Benjamin Mburu and Mike Carlos Otione are getting ready for sports practice.
Kenyans take on ice hockey despite limited ice in Sub-Saharan Africa
But what could they be playing, all the way up here on a rooftop in Nairobi? The answer is ice hockey.
It's a sport that is mostly associated with colder regions, where temperatures fall below freezing.
But here in sub-Saharan Africa, conditions are very different.
Kenya only has one ice rink, at Panari Sky Center, a high end hotel.
So instead of a sharp pair of ice skates and a frozen lakebed, these athletes use roller blades and the smooth flat expanse of the building rooftop.
"I love ice hockey but before I started I was doing roller hockey. But I went to Panari (referring to Panari Sky Centre), I saw the game was interesting. I wanted to play the game but the problem is that there is no winter here and we have only one ice rink. But you know overseas, finding ice is easy. You can find frozen places where people train. If it were like that here it would have been the best. But I have a dream that before I die I must play in the NHL (National Hockey League) and become like Sidney Crosby (a Canadian professional ice hockey player)," says Otieno.
Both men play for the Kenya Ice Lions, the national team.
Benjamin Mburu is captain.
His love for ice hockey began as a child.
"Ever since I was a kid I was bewildered and amazed when I saw in movies guys playing a sport very fast and bumping into each other. And when I grew up and I realised there is ice hockey in Kenya, I decided to take it up and play it," he says.
"Some of the challenges we face is that ice time is very expensive and we do not have any other rink apart from Panari which is just one rink in the whole of the country. That means we have very limited ice time to practice on ice. So sometimes we resolve to off-ice training. For example I use my apartment rooftop with a few of my friends and we learn through channels like there is YouTube there are tutorials online."

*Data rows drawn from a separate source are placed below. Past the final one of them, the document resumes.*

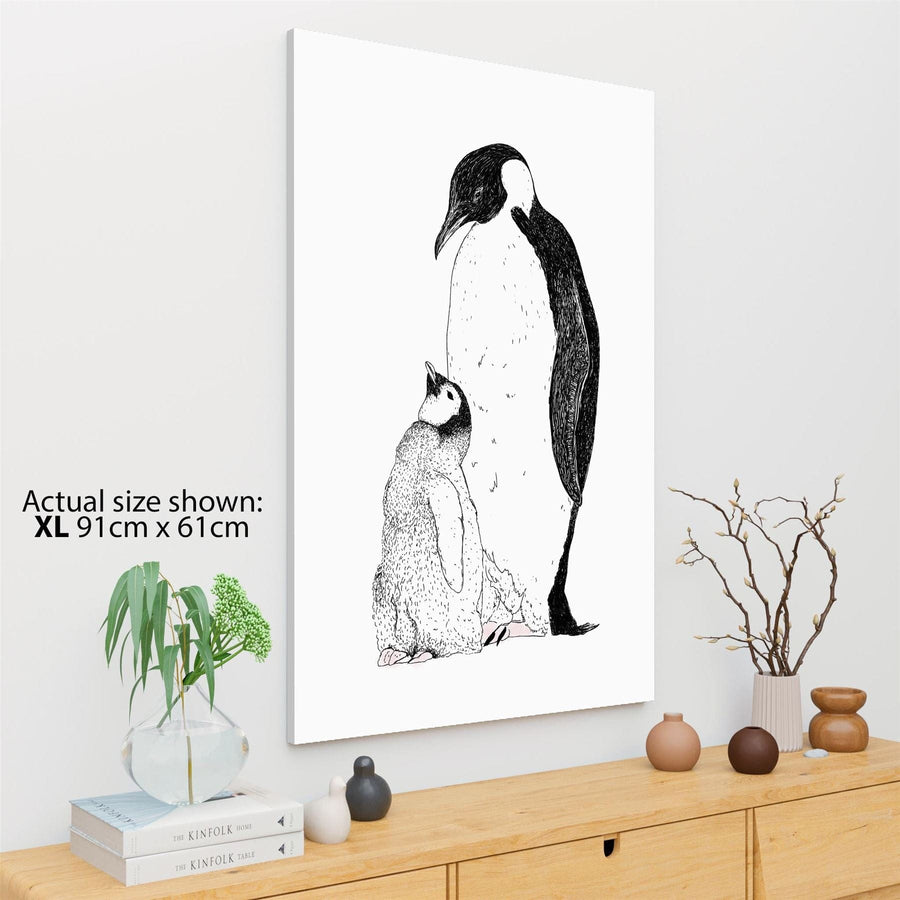 Baby Penguin with Mother Canvas Art Prints - Black and White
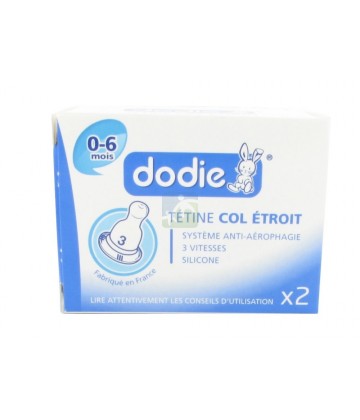 Dodie Tétine Col Étroit 1er âge Silicone x 2
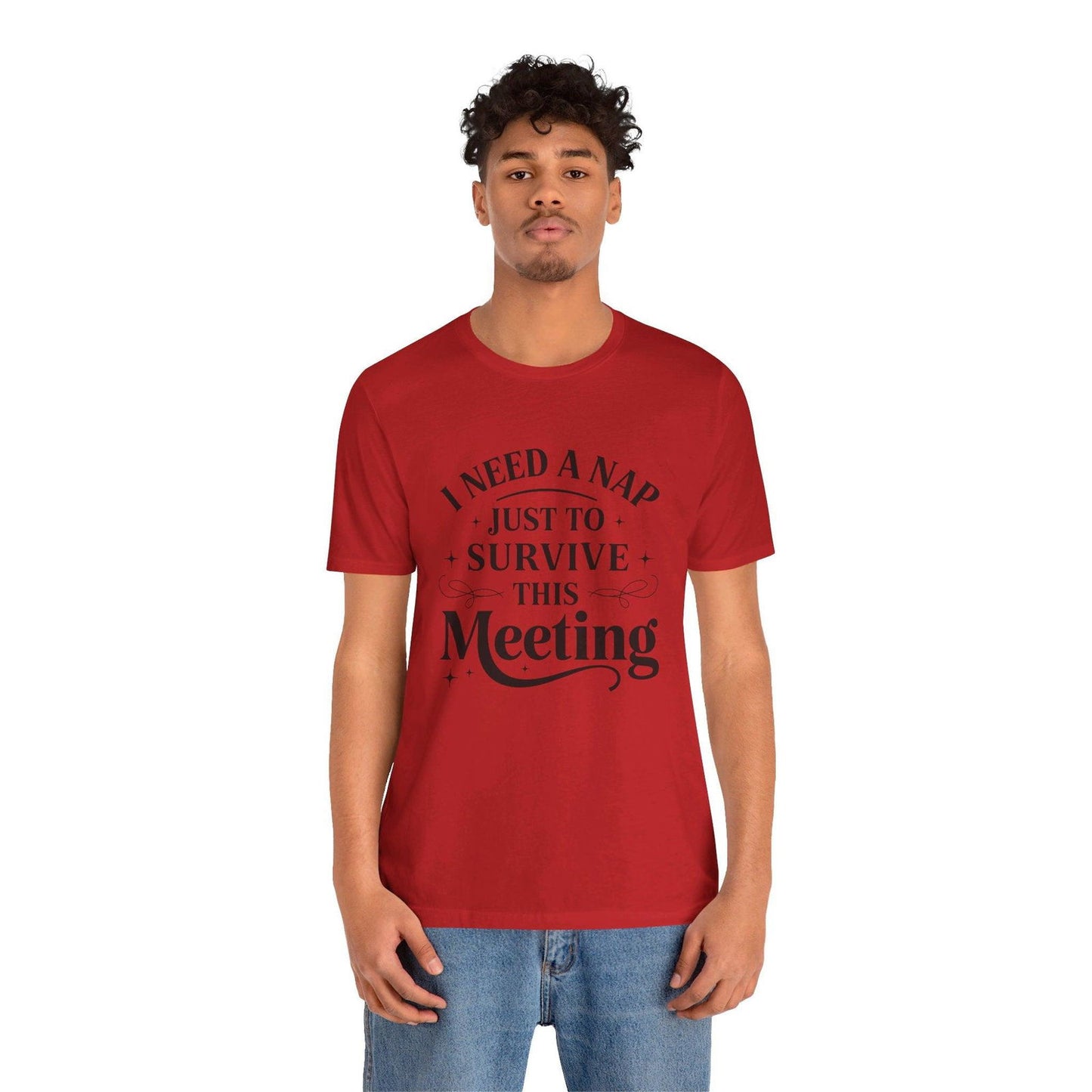Funny Work T Shirt - "I Need a Nap" Zoom Humor Tee - Text Tease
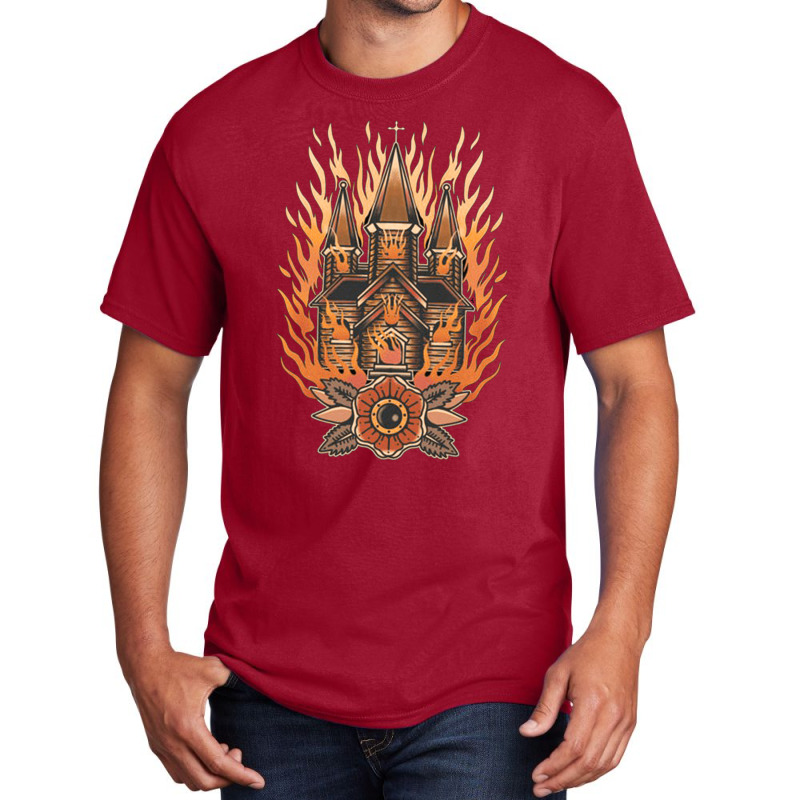 Burning Church, Burning Church Art, Burning Church Vintage, Burning Ch Basic T-shirt | Artistshot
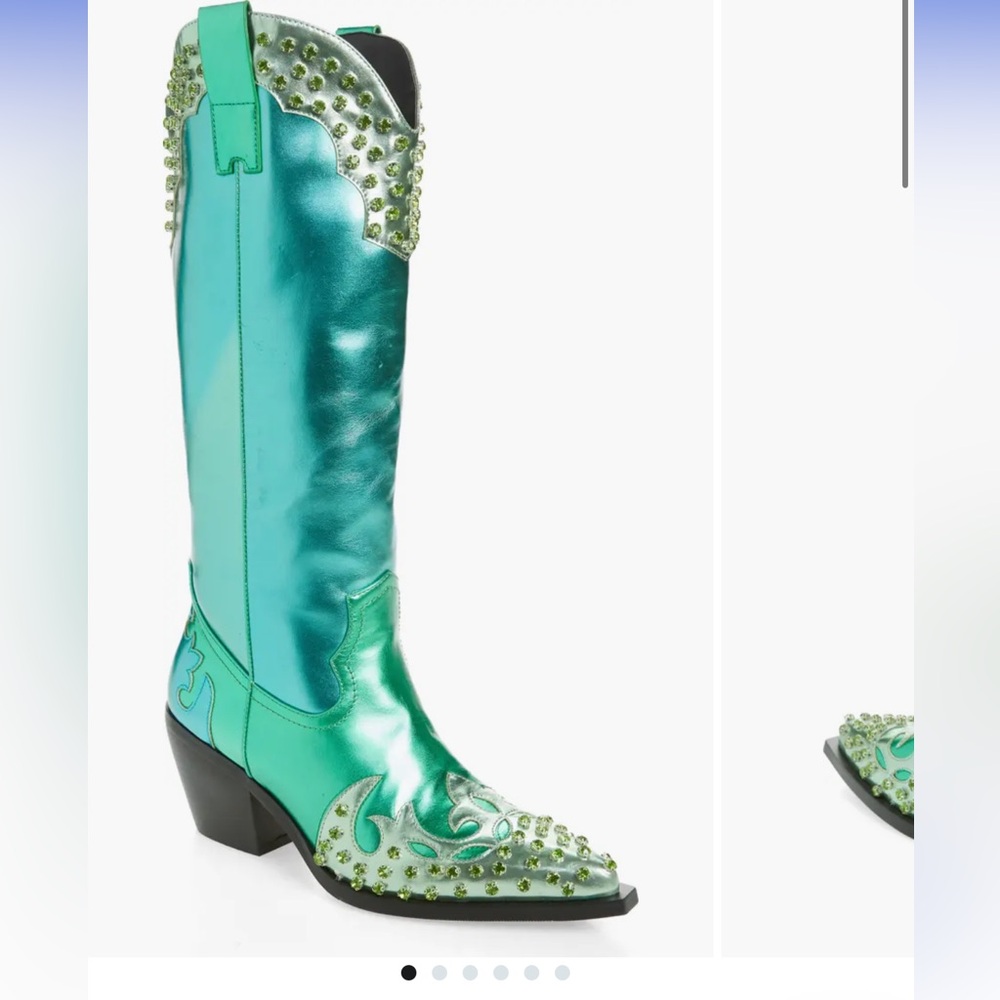NEW IN BOX | Azalea Wang Knox Metallic Western Cowboy Boot | size 8M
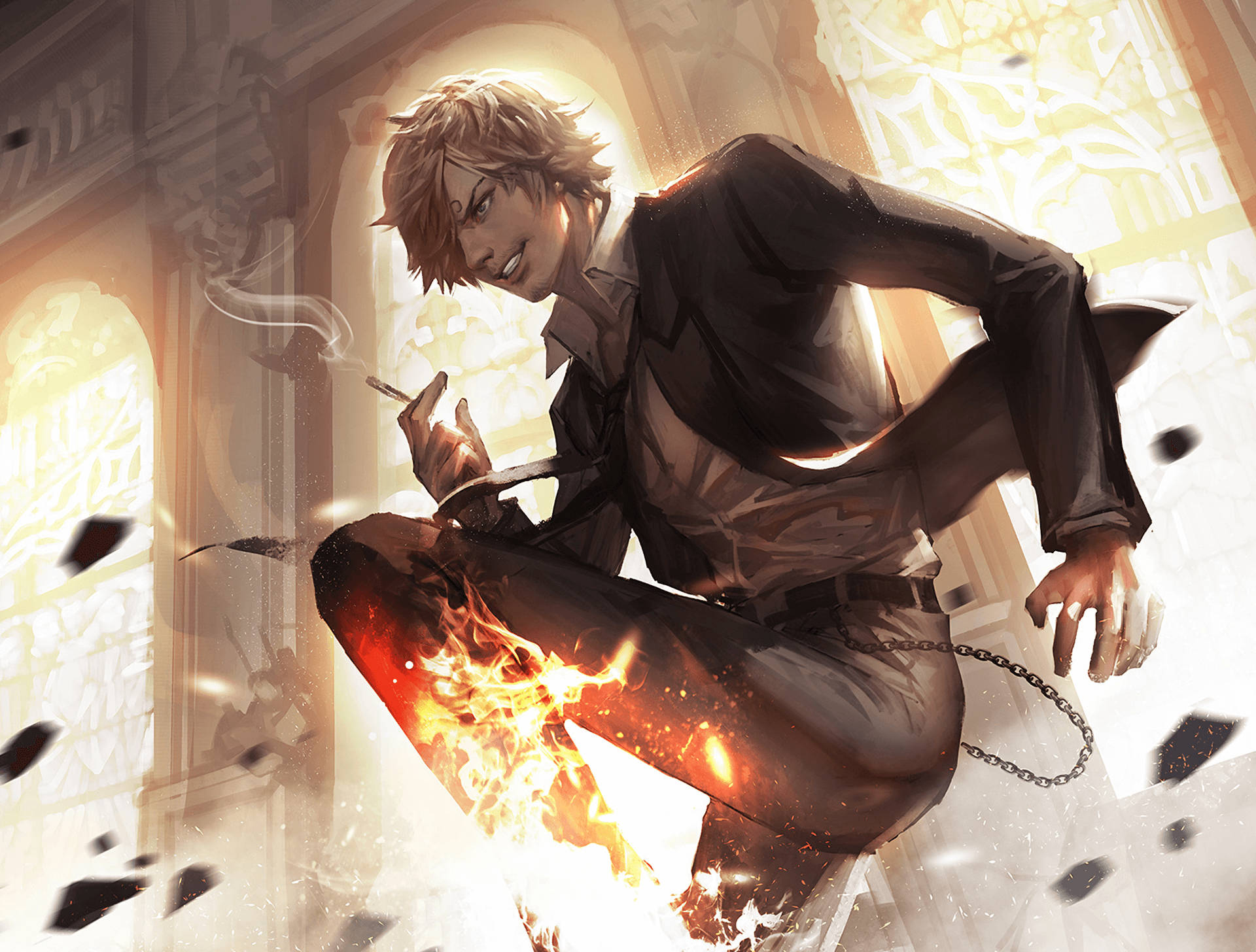 Sanji 桌布 壁紙 — 一個咧嘴笑的動漫男人，有火焰腿和煙從香煙中飄出，在華麗的大教堂般的環境中。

The Kenya Ice Lions meet up once a week to practise on the ice at that one precious rink in Panari Sky Center.
This is their one chance to put to the test all the skills they've been perfecting outside, on rooftops and other off-ice spaces.
The team was formed in 2015 and has been growing slowly.
There are now 30 men on the squad.
The players have hopes of representing Kenya.
The plan is the try to join the International Ice Hockey Federation, which they think will bring more attention and support to their team.
Supporting them to achieve this goal is Tom Colby, a volunteer coach and Canadian expat.
"We will be approaching the International Ice Hockey Federation for full membership soon, and we really feel we deserve that kind of membership and that level of support. And we know they are committed to us, they have reached out to us a few times. And with that International Ice Hockey Federation support, it opens up doors globally," he says.
"It is a great opportunity for the players, and they really deserve it because these guys commit, day in day out. On ice training, they are training the kids now, they are doing the off-ice work, all the organization, the budgets, the work plans, the equipment maintenance, all of that, it's a lot of work ice hockey. And they are a very dedicated group, the Kenya Ice Lions, so they really deserve this. They have shown what it takes to develop an ice hockey team and they have done it right here on the equator. So, International Ice Hockey Federation, here we come."